#13 2014 Nothing Much Going On

#13 2014  Nothing Much Going On

Thursday, July 10, 2014

The first month here has been a whirlwind of activity, as you’ve read and now, suddenly it’s very quiet.  Judy left on Sunday, the girls have gone back to SFG after their midterm break and are now busy with CATs (Continuous Assessment Testing), so there is not much for me to do there.  Julia has a cold, so I’m leaving her to rest, Agnes is having an off (I think, b/c I haven’t seen her tonight.)  I went to a meeting of the executive board of Ndingi this morning, chaired by Catherine, who is chairperson of the board.  I continue to be impressed with her professionalism, her insightful comments, her strength in making the tough calls and her compassion for all.  What a woman!  She should be president of more than just a school board and I daresay she will be someday.

The rest of the time I’ve just been picking up odd jobs.  Yesterday I cleaned my little house, which was actually very dirty, but I usually walk around without my glasses, so I don’t notice.  Thus I was abashed to see how dirty the mop water was when I gave it to a poor struggling plant outside my door.

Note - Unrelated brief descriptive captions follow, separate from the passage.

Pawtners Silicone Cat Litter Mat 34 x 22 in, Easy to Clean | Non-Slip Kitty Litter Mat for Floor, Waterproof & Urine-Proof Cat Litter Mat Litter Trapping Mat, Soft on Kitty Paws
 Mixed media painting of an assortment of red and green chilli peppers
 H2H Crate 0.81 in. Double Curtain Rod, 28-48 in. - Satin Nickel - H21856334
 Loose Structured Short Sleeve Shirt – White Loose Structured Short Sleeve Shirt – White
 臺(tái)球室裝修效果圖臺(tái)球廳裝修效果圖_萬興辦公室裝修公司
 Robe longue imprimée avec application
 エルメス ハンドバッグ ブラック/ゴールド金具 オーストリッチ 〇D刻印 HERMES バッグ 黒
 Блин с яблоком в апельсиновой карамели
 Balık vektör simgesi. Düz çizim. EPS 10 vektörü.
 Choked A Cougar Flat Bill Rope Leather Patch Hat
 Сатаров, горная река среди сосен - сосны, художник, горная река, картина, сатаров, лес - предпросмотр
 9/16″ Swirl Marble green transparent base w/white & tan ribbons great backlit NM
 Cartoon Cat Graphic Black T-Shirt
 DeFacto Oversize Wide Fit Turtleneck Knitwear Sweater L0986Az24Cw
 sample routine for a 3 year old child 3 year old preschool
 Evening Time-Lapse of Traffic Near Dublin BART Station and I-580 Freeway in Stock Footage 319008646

For the whole 7 years I have been living here in Mji Wa Neema I have decried the curtains which are way too long and yesterday, having nothing more important, I decided to remedy this.  I began with the curtain in my little bathroom and followed my father’s age-old advice, “measure twice, cut once.”  He forgot to remind me I had to add extra for the hem!  I thought it would be about 5” below the bottom of the window, but it just reaches the sill.  Alas!  Too smart for my own britches!  I next did 1 of the 2 on my bedroom window, which looks just like I want it, but now I realize I have to make sure the second one is exactly the same length.  By the time I hand stitched the hem in the first one it was time to sleep and I didn’t do that second one today.  Maybe tomorrow.  Manana!  I work so much better under pressure.  Without something pushing me I read, fall asleep, listen to my ipod, read email and generally waste time.  ARGH!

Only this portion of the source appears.